Lastly, the sidewalk network line file will also be used to store information collected about sidewalk width, materials, and the buffer width (the distance between the sidewalk and the street). While they are presently useful from an inventory standpoint, these factors may eventually be incorporated into the network travel times, as some pavement materials are more comfortable to walk on, and pedestrians tend to slow down and use more caution the closer they are to moving traffic.
Transit
Metrobus and RideOn bus routes cover most areas within the City of Rockville. The whole network provides access to Rockville’s business, commercial and industrial establishments. Buses also provide transit service to most Rockville neighborhoods, as well as the Rockville, Shady Grove and Twinbrook Metrorail Stations in the Washington D.C. Metro system.
The transit network is a line shapefile created to model the existing Metrobus and RideOn bus routes that originate from or go through the city. There are 20 bus routes that flow through Rockville, and for each a separate line was created. For each bus route, the buses have scheduled time points, which are listed in the RideOn System Headways Manual along with the approximate time the bus arrives at each time point. The lines comprising each bus route were split at each of the scheduled time points. The difference in time from one time point to another is assigned to that particular line segment. This is the time cost that Network Analyst uses in running the network. Thus, the resulting travel times are based on the buses’ actual schedules.
The lines comprising each bus route were also divided at points where one bus line meets another to allow for transfers. A turntable was created to add a delay for these transfers, account for the directionality of some routes, and to prevent U-turns. The delay for a transfer was assumed to be one half of the headway for the bus route being transferred to.
The transit network was the most complicated of the three networks we created. Each bus route was modeled as a separate line, even when parts of the route were shared with other buses. This resulted in several lines overlapping and ending up on top of one another.
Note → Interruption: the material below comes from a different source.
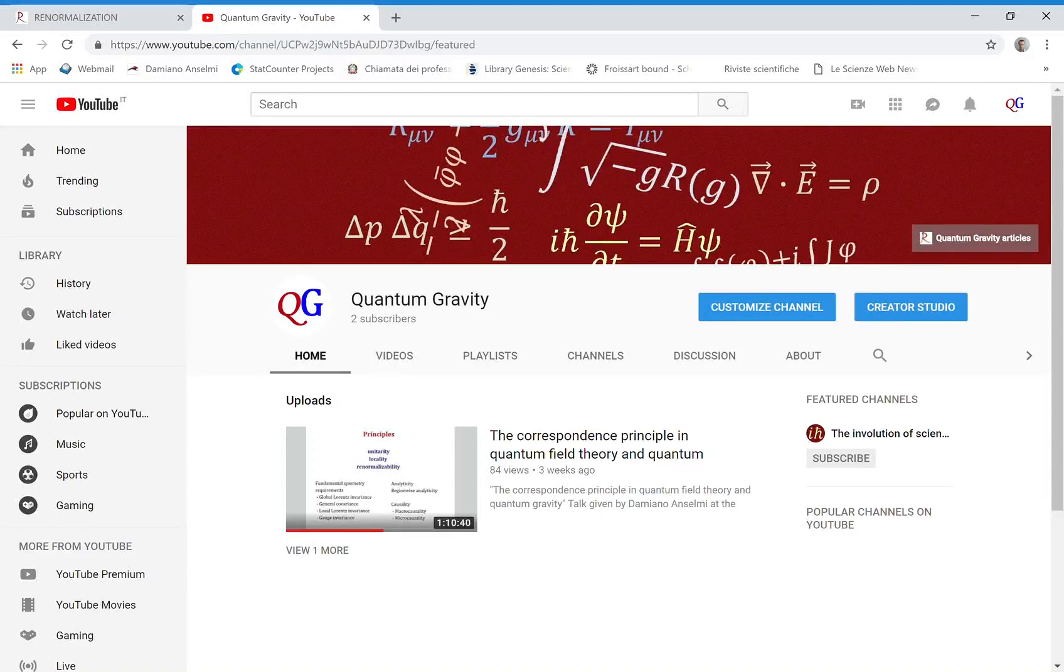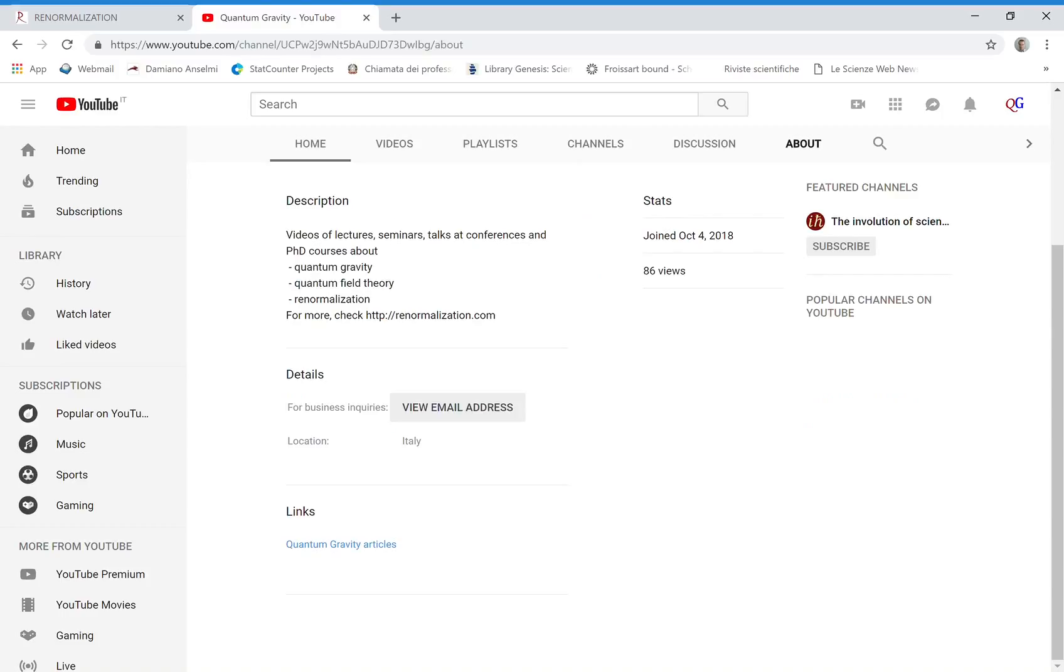Welcome to the YouTube channel Quantum Gravity. Here you can find videos of lectures, seminars, talks at conferences, PhD courses and much more on quantum gravity, quantum field theory and renormalization.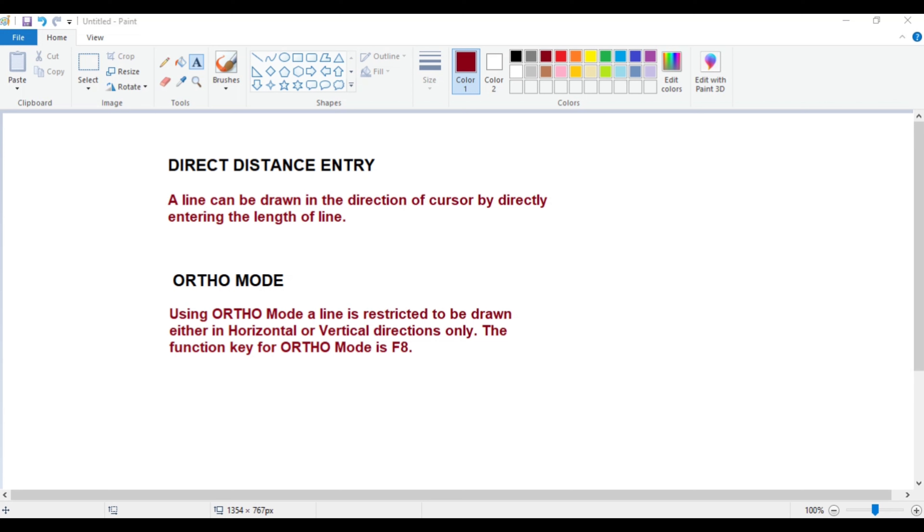It is very extensively used in AutoCAD. The function key for ortho mode is F8. Let us discuss these both options now.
The biggest problem we encountered was in building the turntable. There are 20 separate bus lines, and in some locations as many as 12 lines converge at a single node. In such cases, the turntable has as many as 144 entries for one node, a situation that ArcView seems unable to handle.
Once we had the travel times for the buses, it was easy to combine this layer with buildings and the pedestrian network to see the scope of bus coverage. Looking at these layers together, we immediately see areas where there is good coverage, and where more may be needed.
We also took these same travel times and converted them into 3D. Each bus route is represented as a floating line and the differences in color between each route is now more noticeable. This proves more effective in figuring out route efficiency and transfer points.
Simulating travel times for all modes of transportation is an excellent planning tool. It allows transportation staff to quantify the impacts of proposed development and assess the benefits of future improvements. Planners are able to display information to the pubic with simple, effective graphics. In using network analyst to assess multimodal transportation accessibility, Rockville has added to its transportation database and improved its analytical capabilities.